さて、ここまでのJリーグにおいて、見えない貯金をしてるのは、清水と川崎だ。夏クラブの清水は夏から勝ち点を稼ぐのは毎年のこと。また、川崎は、ジュニ、中村が居ない中でのこの位置。VJの存在も大きい。ACL敗退となれば、逆に、追い風になる。果たして、来週、3年連続の埼スタ3ポイント奪取なるかというところ。正直、この2クラブは相当先を走っていると見ていい。また、名古屋も試合数が少ない分、ACLもない分、有利な立場にある。
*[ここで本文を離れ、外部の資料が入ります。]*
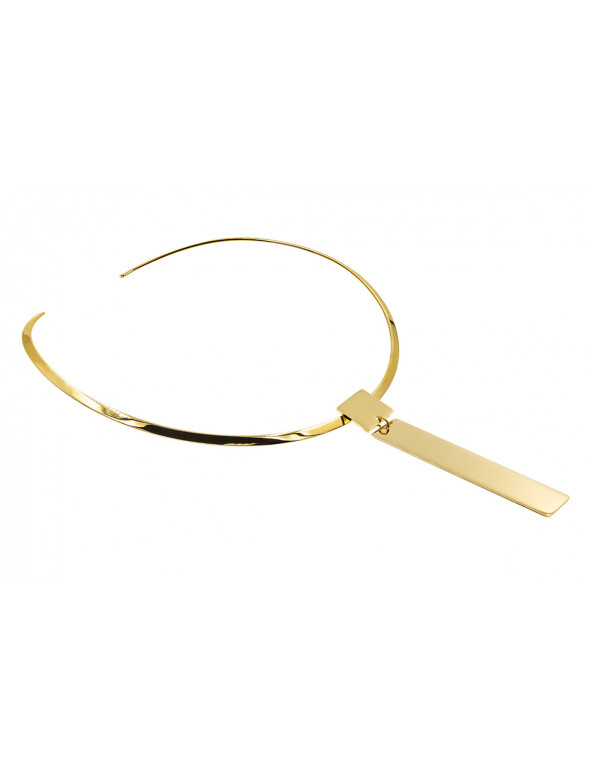 Gold-plated stainless steel choker with a simple pendant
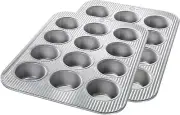 Heavy Gauge Aluminized Steel Muffin Pan Set of 2 - 12 Standard Size Wells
浦和だが、開幕前に書いた通りのシナリオになっている。開幕の鹿島戦を落とし、その後の5節は比較的、相性の良い組みやすい相手が続くだけに、ここで勝ち点を稼がなければ、今シーズンは無い。今のところ、ブレイクまでの天井付近といえよう。そして、次節からの5試合は、ホーム4試合とはいえ、川崎、横浜、東海3クラブといった得意でない相手が続く。ここで勝ち点を稼ぐのは、難しく、ある程度の急ブレーキは覚悟しておいた方がいい。勝ち点15は、そのための見えない貯金のようなものだ。勝ち点20行くか行かないかだが、ブレイクまで一桁順位で折り返せれば、まずまずというところであろう。

さて、7節の短評を。

1 清水 大勝で、無敗維持。次の万博で真価が問われる。
2 浦和 新潟はお得意様に?。怪我人が増えて、これから「死の5マッチ」を迎える。
3 川崎 もはや、お得意様となった広島から快勝。黒津、VJもGOOD。
4 名古屋 耐えて、省エネ勝利。3連勝。一試合少ない中でのこの位置は上出来。
5 鹿島 マルキ不在ながら、連敗は阻止。勝てた試合かもしれない。
6 仙台 大敗そのものより、負の流れは切りたい。貯金はある。
7 横浜 攻めているが、決めきれない。なんとなく芯が入ってない印象。
8 東京 鹿島と組み合えたのは収穫だが、突き抜けられない。
9 山形 田代2戦連発。連勝。貴重な勝ち点。
10 広島 ややチーム状態が重い。ブレイクまで持たせるしかない。
11 京都 良い攻めで、勝っていい内容だったが、なぜか0-2敗戦。
12 G大阪 初勝利。宇佐美初先発で魅せる。怪我人多し。平井、宇佐美、菅沼で世代交代を。
13 C大阪 10人で耐え忍び、大きな勝ち点1。
14 磐田 なんとなくリズムをつかめずに、90分が過ぎてしまった。
15 湘南 決められれば、勝てていたが、らしい試合進行。
16 大宮 相性にすら見放された?。隣町同様、連敗ストッパーに。
17 神戸 このままズルズル行くのは不味い。
18 新潟 今の浦和から点が取れないのはまずいが、前半ブレイクまで我慢。


今節のピックアップマッチは東京対鹿島であろう。両チームとも、シュートは宇宙開発が多かったが、がっぷり四つで、押し合いのタフな展開になった。東京は、梶山、米本不在ながらも、大崩れせず、なんとかゲームを作りながら、踏ん張れている。羽生、今野の役どころは大きい。ただ、チームとしてプレーの処彼処で、甘さも目立つ。特に、ダイレクトで出せばいい場面で、躊躇ってしまうため、リズム、流れが悪い。考えているのか、怖がっているのか知らないが、安全に行き過ぎる。もうすこし、プレーがダイレクトに繋がれば、相手を崩せるはず。現時点では、そこまで至っていない。逆に、スムーズに緩急をつけて相手を崩せているのは鹿島で、あとはフィニッシュだけであろう。また、大事に至っていない権田の細かいミスは、未来の良い経験として捉えるか、未来の大きな負債と取るかは、本人次第であろう。